Temporary Stored / Joseph Kamaru (KE), Impressions / Press Tour POSTCITY / Prix & STARTS Exhibition Credit: tom mesic

Temporary Stored

Joseph Kamaru (KE)

Digital Musics & Sound Art

Honorary Mention

Seit jeher werden Archive von Institutionen und Museen gemäß einer westlichen Perspektive auf das Fremdartige gestaltet. Diese Darstellungsformen von materiellen oder immateriellen Artefakten problematisieren die Art und Weise, wie Wissen über oder Geschichte von Völkern vermittelt werden. Die meisten afrikanischen Traditionen werden mündlich gelehrt und überliefert, dann aber meist aus dem Kontext gerissen und in einer eurozentrischen Form wiedergegeben. Schriftliche Quellen gelten im Westen als ontologisch konkret und immun gegen individuelle Verzerrungen, während mündliche Quellen nebulös und subjektiv konstituiert erscheinen. (…)
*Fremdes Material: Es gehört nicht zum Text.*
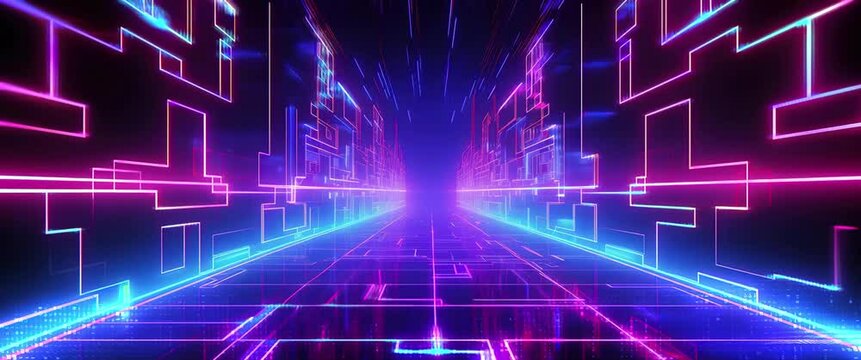 Anamorphic video animation of many lines in neon colorful on dark background. Abstract background. Seamless loop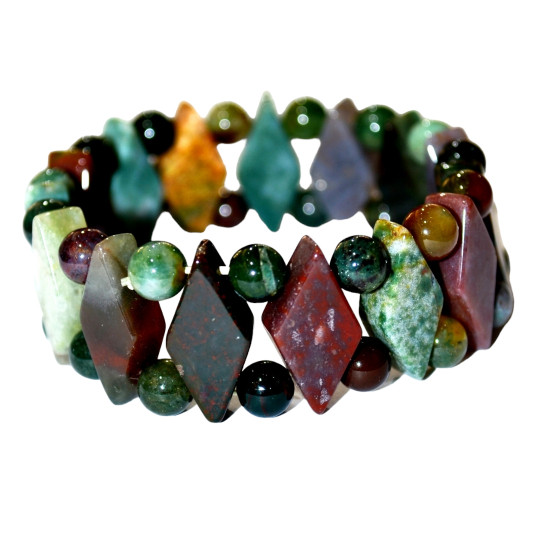 Diamond Shaped Heliotrope Jasper Bracelet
Temporary Stored ist ein Rückführungsprojekt, das die Bedeutung von Tonarchiven in Museen hinterfragt. Anhand ausgewählter Klänge aus einem Archiv des Sound Archive of Royal Museum of Central Africa wird ein mediales Stück entwickelt, das die archivierten Klänge und das damit verbundene kulturelle Erbe der Länder in Ost- und Zentralafrika neu kontextualisiert. Das Stück konzentriert sich auf Erzählungen, die aus verschiedenen Klängen aus dem Archiv, aus Feldaufnahmen und Synthesizern bestehen, und rekonfiguriert das klangliche Denken durch aufgezeichnete Vergangenheiten und Zukünfte.

Jury Statement

Temporary Stored ist ein wichtiger Aufschrei und hat mit Klang das beste Medium gefunden. Der größte Diamant der Welt, der Große Stern von Afrika, wurde 1905 in Südafrika gestohlen. Er wurde erst kürzlich, im Mai 2023, bei der Krönung von König Charles III. im Zepter gefasst pompös zur Schau gestellt. Die Normalisierung von Bewunderung und der Nutzung gestohlener Artefakte aus ehemaligen Kolonien ist ein wiederkehrendes Problem in Europa. Temporary Stored ist jedoch kein Aufwärmen europäischer kolonialer Gewalt—dieses Stück verwendet Klang vielmehr zur Beschwörung von Gespenstern aus der oralen und kulturellen Geschichte Zentral- und Ostafrikas. Die eindringlichen Klänge erinnern an alte orientalistische Vorstellungen vom „Fremdartigen“ als dem Bösen, stehen aber gleichzeitig in krassem ironischem Kontrast zu Klängen als Manifestationen lebendiger Wissensquellen. Diese Skulptur ist kein Objekt für die europäischen Konsumentinnen. Sie ist eine zutiefst politische Ausgrabungsarbeit, die in diesem Fall von den rechtmäßigen Eigentümerinnen dieser Geschichte durchgeführt wird.

Auszug aus dem Jury Statement
Photo: Joseph Kamaru

Joseph Kamaru (KE)

Für den in Nairobi geborenen und in Berlin lebenden Klangkünstler Joseph Kamaru (KMRU) ist Klang ein sensorisches Medium, mittels dessen sich soziale, materielle und konzeptionelle Interpretationen in seinen Werken manifestieren. KMRU trägt einen Fundus an Hörerfahrungen aus Nairobi und darüber hinaus mit sich, erweitert seine klanglichen Praktiken und bringt durch kreative Kompositionen, Installationen und Performances ein Bewusstsein für die Umgebung mit. Durch Auftritte und Veröffentlichungen im Barbican, bei Berlin Atonal, Présences électronique und bei Editions Mego, Subtext und Seil Records hat er international Anerkennung gefunden. KMRU hat sich einen festen Platz auf der Liste der unverzichtbaren Autor*innen der experimentellen Ambient-Musik erobert und ist einer der produktivsten und innovativsten Künstler seines Faches.